Esta ideia é particularmente pertinente num momento em que o País está, mais uma vez, a sofrer um sobressalto social e económico intenso com os recentes Fogos Florestais que, em rigor, se deveriam chamar Fogos Rurais. Porque é o Mundo Rural que mais sofre com eles.
Sobre a Floresta Portuguesa está praticamente tudo estudado e escrito em dezenas de Estudos e Relatórios (nacionais e internacionais) de qualidade (e alto custo) que, na sua larga maioria, jazem em arquivos e prateleiras de “responsáveis” por entidades (alguns mandaram-nos realizar e pagar) que nunca os leram (para além dos respectivos “Sumários Executivos”).
Raríssimos decisores e opinadores os leram ou discutiram, razão porque – como agora começa a estar na moda – não preciso de recorrer a nenhum ChatGPT que, “coitado”, ainda cai no pecado de citar muitos nomes publicados – alguns, ambientalistas de nome prestigiado – citando-os como “especialistas em fogos florestais” quando, realmente, nem sequer na Academia os estudaram ou viveram.

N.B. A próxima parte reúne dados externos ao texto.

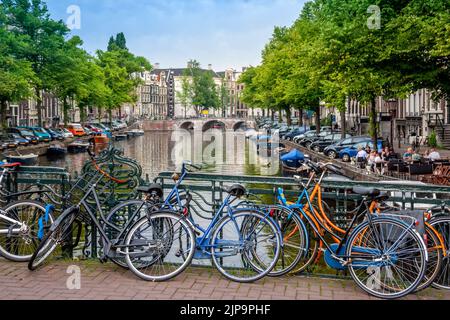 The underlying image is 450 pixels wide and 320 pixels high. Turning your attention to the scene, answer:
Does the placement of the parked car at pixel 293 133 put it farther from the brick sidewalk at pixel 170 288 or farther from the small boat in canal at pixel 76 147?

Ora nesta matéria é sempre preciso ter presente que:
– Os fogos não se apagam! Evitam-se!
(Os meios aéreos, os sapadores florestais, os contra-fogos, os bombeiros voluntários e tudo o resto destinam-se a tentar orientar a progressão do fogo – se o vento deixar… – e a salvar/proteger a vida – e se possível os bens – das pessoas…e já não é nada pouco!!!).
(As descargas dos meios aéreos, nos locais e momentos adequados, destinam-se a baixar a temperatura ambiente, diminuir a velocidade da progressão do fogo e permitir a intervenção mais próxima de meios terrestres – sem água… – capazes de cortarem ou enterrarem o mato ainda não ardido e/ou a criarem uma descontinuidade de material combustível que faça “reorientar” a progressão das chamas. A quase totalidade da água derramada dispersa-se em pequenas partículas e é evaporada antes de chegar ao solo. É aliás a energia necessária a essa evaporação – como acontece na serpentina dos frigoríficos… – que fica a fazer “falta” e enfraquece temporariamente o avanço das chamas, facilitando a tarefa dos combatentes terrestres na proximidade).
– E para se evitarem os fogos… (já que não se apagam…)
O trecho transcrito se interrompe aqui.